Key Challenge: CR-IQA faces a dilemma—reliable quality estimates can be obtained via geometric alignment in overlapping regions, but non-overlapping regions cannot be directly evaluated. Simple patch similarity methods do not depend on overlap but have low accuracy; geometrically consistent methods have high accuracy but incomplete coverage.

Goal: Design a CR-IQA method that simultaneously leverages the geometric reliability of overlapping regions and the contextual reasoning capability of non-overlapping regions to generate dense full-image quality maps.

Key Insight: Reformulate the quality assessment of non-overlapping regions as a "quality map completion" problem—similar to image inpainting, but completing quality scores instead of pixels. Use reference images to provide cross-view context to guide the completion.
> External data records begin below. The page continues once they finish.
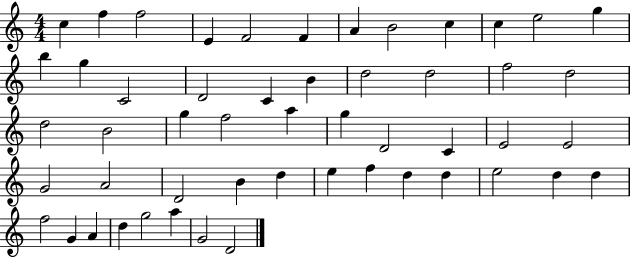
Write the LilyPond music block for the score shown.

{
  \clef treble
  \numericTimeSignature
  \time 4/4
  \key c \major
  c''4 f''4 f''2 | e'4 f'2 f'4 | a'4 b'2 c''4 | c''4 e''2 g''4 | \break b''4 g''4 c'2 | d'2 c'4 b'4 | d''2 d''2 | f''2 d''2 | \break d''2 b'2 | g''4 f''2 a''4 | g''4 d'2 c'4 | e'2 e'2 | \break g'2 a'2 | d'2 b'4 d''4 | e''4 f''4 d''4 d''4 | e''2 d''4 d''4 | \break f''2 g'4 a'4 | d''4 g''2 a''4 | g'2 d'2 | \bar "|."
}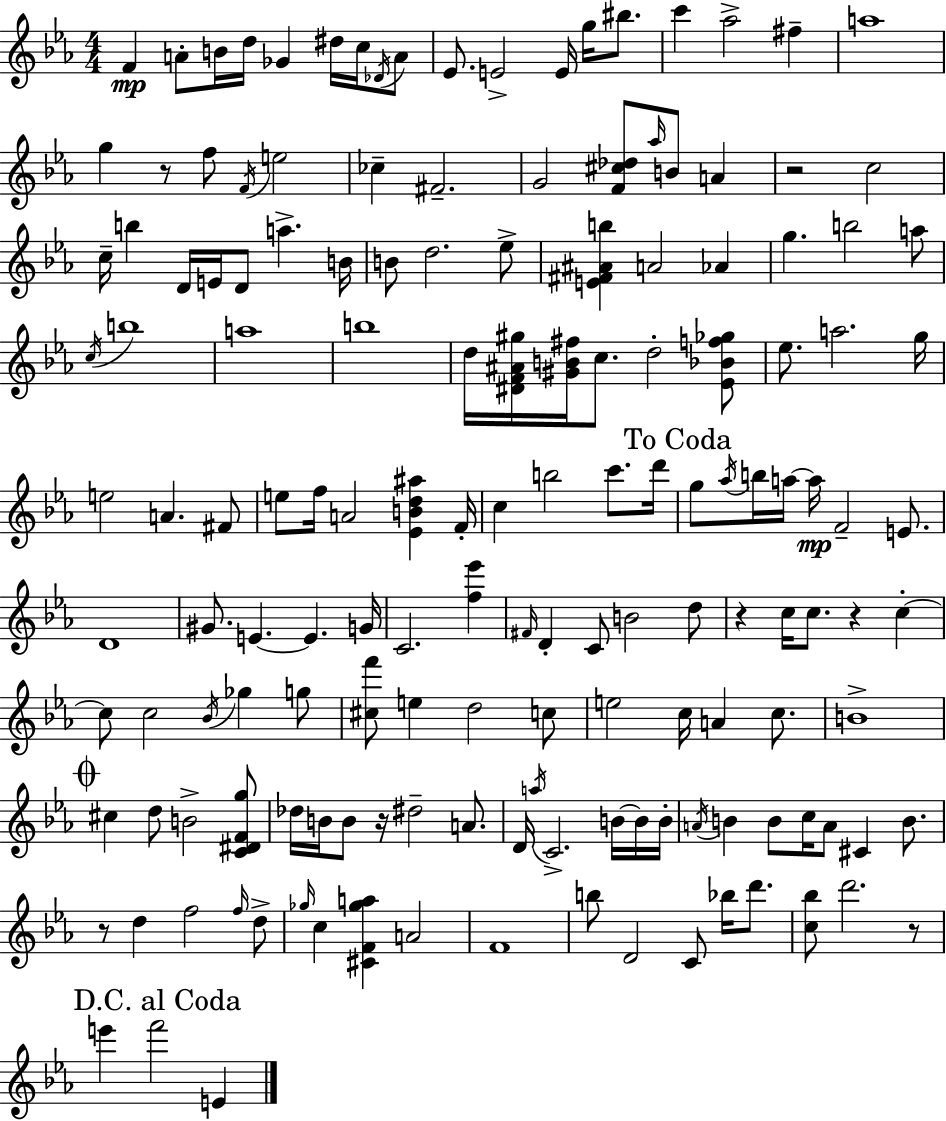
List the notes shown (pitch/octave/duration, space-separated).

F4/q A4/e B4/s D5/s Gb4/q D#5/s C5/s Db4/s A4/e Eb4/e. E4/h E4/s G5/s BIS5/e. C6/q Ab5/h F#5/q A5/w G5/q R/e F5/e F4/s E5/h CES5/q F#4/h. G4/h [F4,C#5,Db5]/e Ab5/s B4/e A4/q R/h C5/h C5/s B5/q D4/s E4/s D4/e A5/q. B4/s B4/e D5/h. Eb5/e [E4,F#4,A#4,B5]/q A4/h Ab4/q G5/q. B5/h A5/e C5/s B5/w A5/w B5/w D5/s [D#4,F4,A#4,G#5]/s [G#4,B4,F#5]/s C5/e. D5/h [Eb4,Bb4,F5,Gb5]/e Eb5/e. A5/h. G5/s E5/h A4/q. F#4/e E5/e F5/s A4/h [Eb4,B4,D5,A#5]/q F4/s C5/q B5/h C6/e. D6/s G5/e Ab5/s B5/s A5/s A5/s F4/h E4/e. D4/w G#4/e. E4/q. E4/q. G4/s C4/h. [F5,Eb6]/q F#4/s D4/q C4/e B4/h D5/e R/q C5/s C5/e. R/q C5/q C5/e C5/h Bb4/s Gb5/q G5/e [C#5,F6]/e E5/q D5/h C5/e E5/h C5/s A4/q C5/e. B4/w C#5/q D5/e B4/h [C4,D#4,F4,G5]/e Db5/s B4/s B4/e R/s D#5/h A4/e. D4/s A5/s C4/h. B4/s B4/s B4/s A4/s B4/q B4/e C5/s A4/e C#4/q B4/e. R/e D5/q F5/h F5/s D5/e Gb5/s C5/q [C#4,F4,Gb5,A5]/q A4/h F4/w B5/e D4/h C4/e Bb5/s D6/e. [C5,Bb5]/e D6/h. R/e E6/q F6/h E4/q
Core Idea: First calculate reliable local quality maps in overlapping regions, then use a reference-conditioned cross-attention network to "complete" local quality into dense full-image maps, achieving full-reference level accuracy without ground truth.

Method

Overall Architecture

The core challenge PR-IQA addresses is providing dense quality scores for diffusion-generated novel view images without pixel-aligned ground truth. The approach divides the image into "directly evaluable" and "non-evaluable" parts. The first stage calculates a reliable but partial quality map \(\hat{Q}\) in the geometrically overlapping regions between the query and reference images—where true references are available for alignment, estimation is credible. The second stage treats this incomplete quality map as "anchors" and uses a tri-stream encoder-decoder network, utilizing the cross-view context provided by the reference image, to "complete" quality scores in non-overlapping regions, ultimately outputting a dense quality map \(Q\). The process resembles image inpainting, replacing pixels with quality scores.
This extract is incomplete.